Additional paid-in capital primarily consists of amounts received in excess of par value from the issuance of common stock, as well as the impact of the reverse recapitalization transaction. Transaction costs directly attributable to the reverse recapitalization were recorded as a reduction to additional paid-in capital.

Warrants and Other Equity Instruments

The Company has issued warrants and other equity-linked instruments in connection with prior financing transactions. These instruments are evaluated for classification as either equity or liabilities in accordance with applicable accounting guidance.
Certain warrants are classified as liabilities and are remeasured at fair value each reporting period, with changes in fair value recognized in the condensed consolidated statements of operations.

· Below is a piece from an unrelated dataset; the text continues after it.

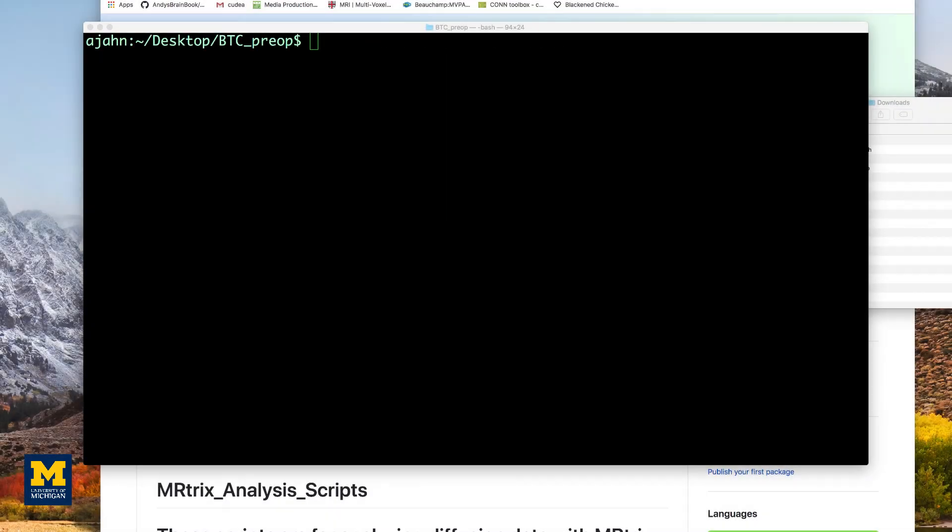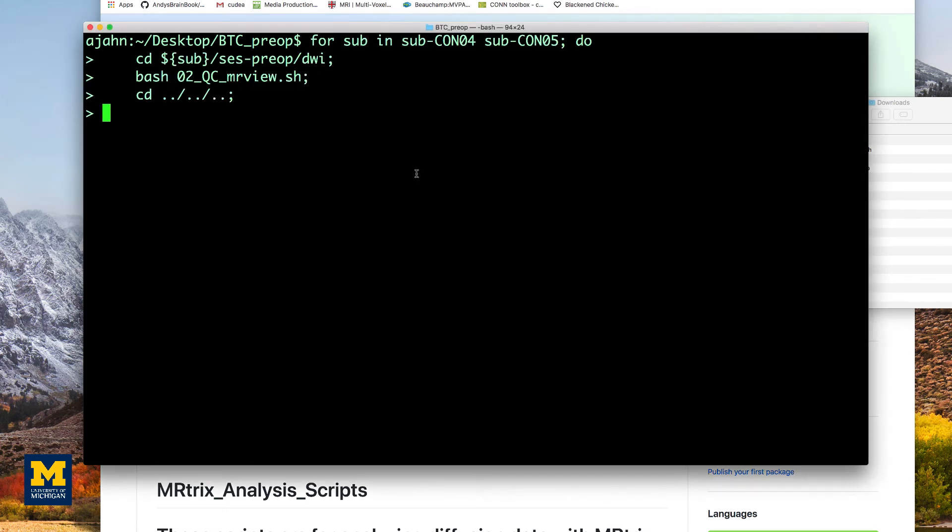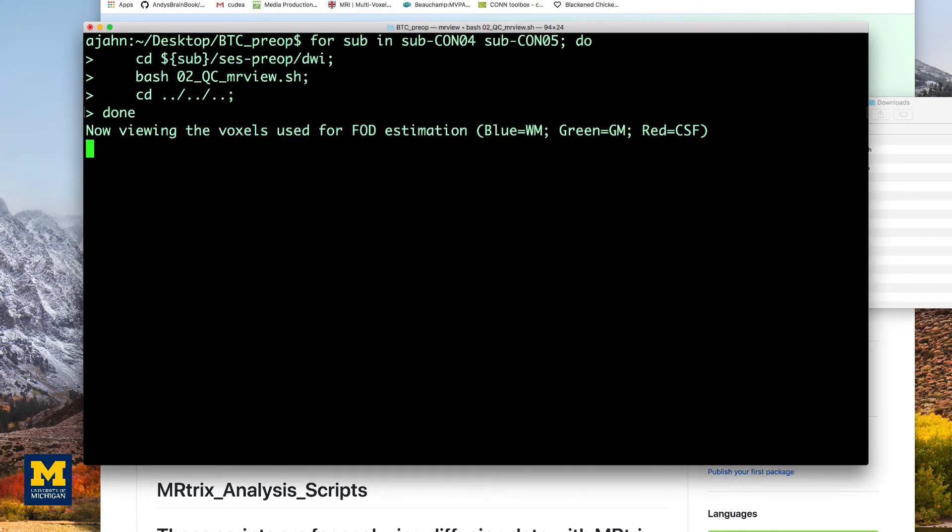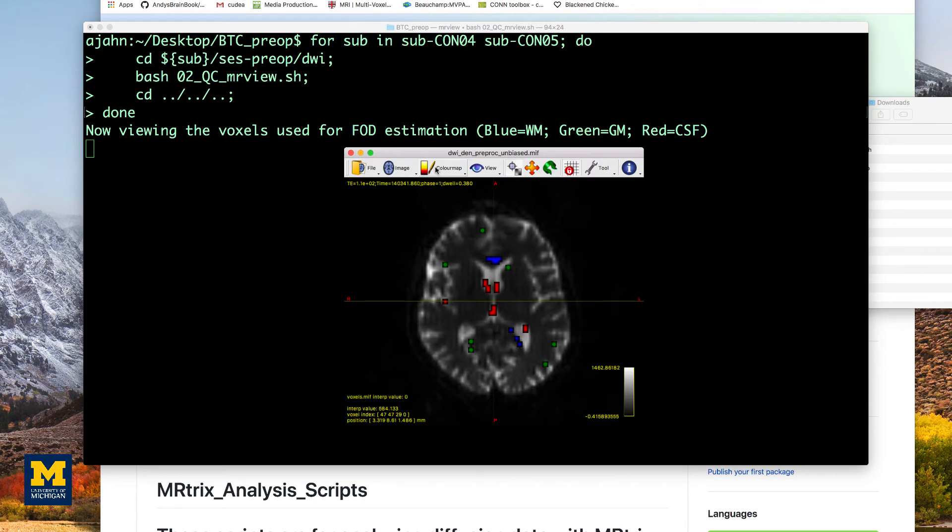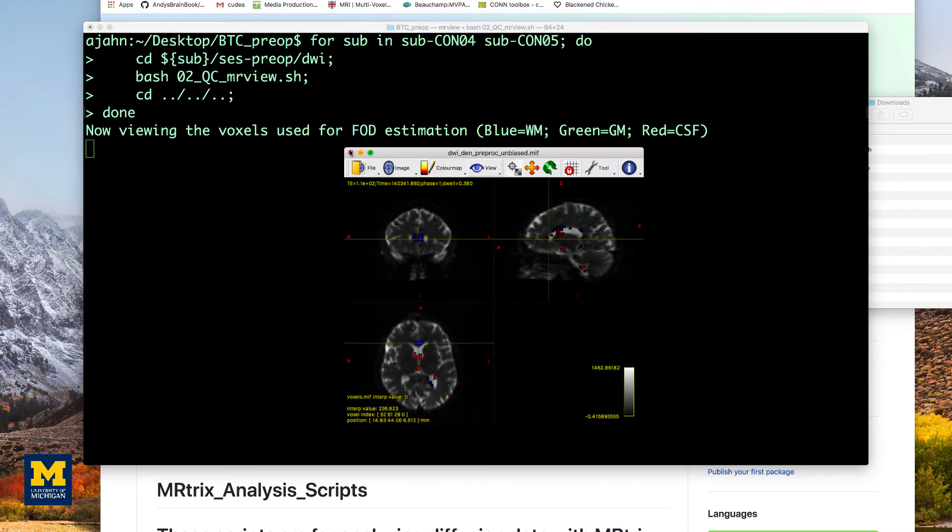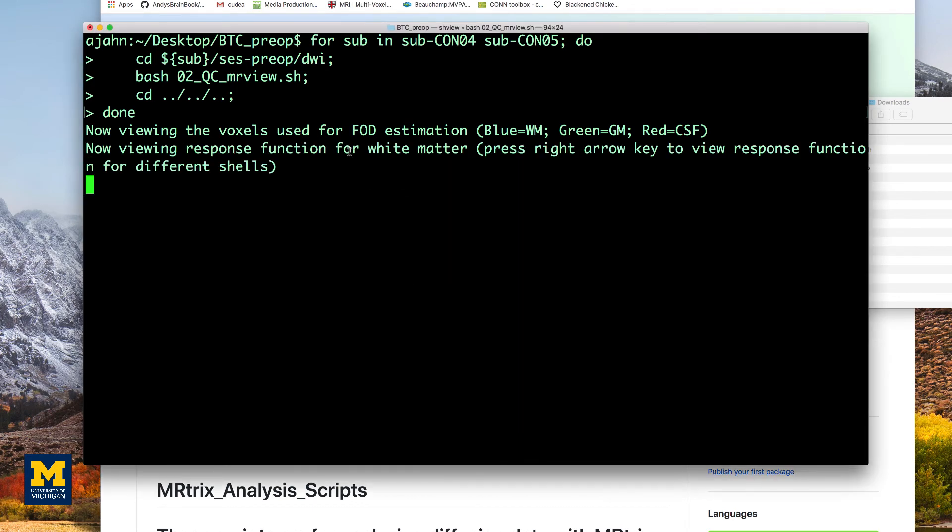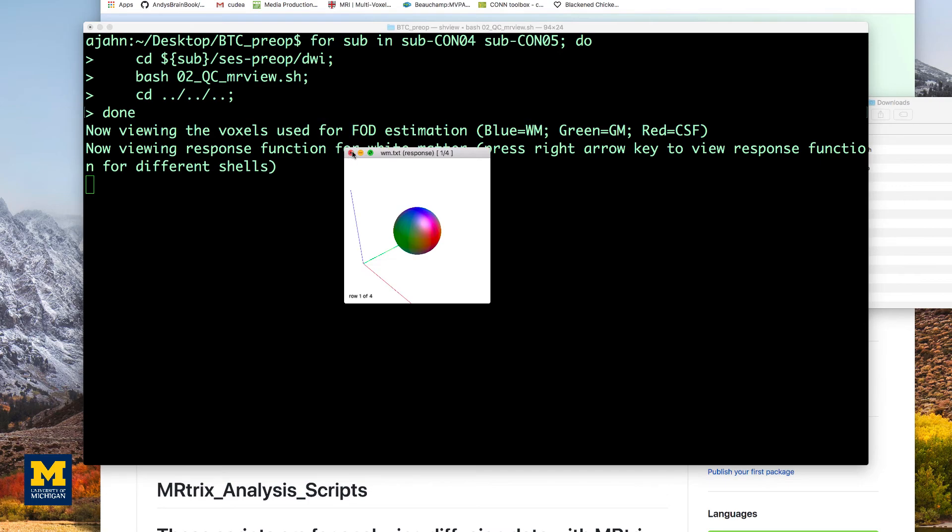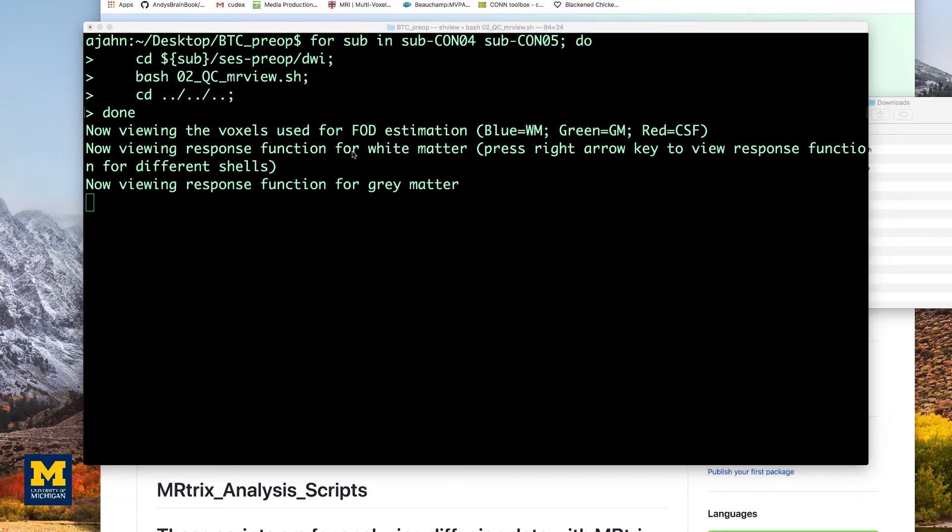When that has finished, we will use the same loop to run the QA checks. This allows you to check the output from all the steps. We won't go over all the QA checks again here, but see the link down below for a review on how to do this.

Public Offering — March 9, 2026

On March 9, 2026, the Company completed an underwritten public offering (the “Offering”) pursuant to an effective registration statement on Form S-3, at a price of $18.50 per share. The Company issued 2,702,702 shares of common stock and received gross proceeds of $50.0 million, resulting in net proceeds of approximately $46.8 million after deducting underwriting discounts and offering expenses. Concurrently with the Offering, the Company terminated the at-the-market equity offering program (effective March 5, 2026), under which Blackbox had raised approximately $2.2 million between its inception and February 19, 2026, the last day of active sales under the program.

Special Warrants Conversion
Prior to the reverse recapitalization closing, REalloys Solutions Inc. had issued Special Warrants to certain investors for aggregate gross proceeds that were contractually entitled to convert into $38.0 million worth of REalloys shares upon a qualifying go-public transaction. At the February 24, 2026 closing, 2,093,664 shares of common stock were issued in connection with the conversion of all outstanding Special Warrants (2,093,664 shares × $18.15 per share = $38.0 million). The carrying value of the Special Warrant liability was adjusted from $34.6 million to $38.0 million (a $3.4 million loss on remeasurement) immediately prior to derecognition, and the $38.0 million was reclassified to additional paid-in capital upon conversion. See Note 10 - Fair Value Measurements.

SAFE Conversions

All outstanding Simple Agreements for Future Equity converted into 166,116 shares of common stock upon the February 24, 2026 qualifying go-public transaction. The aggregate carrying value of SAFE liabilities of $3.0 million was reclassified to additional paid-in capital upon conversion.

Series X and Series C Preferred Stock Conversion

On February 23, 2026, substantially contemporaneously with the Merger, the Company closed the second tranche of its previously announced private placement of Series X Preferred Stock, issuing 3,000 shares for aggregate gross proceeds of $3,000. Each share of Series X Preferred Stock was exchanged on the Effective Date for one share of Series C Convertible Preferred Stock of the combined company. The Company incurred costs of $400 related to the issuance of Series C Convertible Preferred Stock during the three months ended March 31, 2026. During the three months ended March 31, 2026, all outstanding shares of Series C Convertible Preferred Stock were converted into shares of the Company’s common stock in accordance with their terms. In accordance with the reverse recapitalization accounting, the Series X Preferred Stock outstanding at December 31, 2025 and at any time during the three months ended March 31, 2026, have been retroactively recast as Series C preferred stock, and the previously reported Series X Preferred Stock is no longer presented as a separate class of equity in these unaudited condensed consolidated balance sheets or unaudited condensed consolidated statements of mezzanine equity and stockholders’ equity, as all such amounts have been reflected on a retrospective basis consistent with the recapitalization presentation.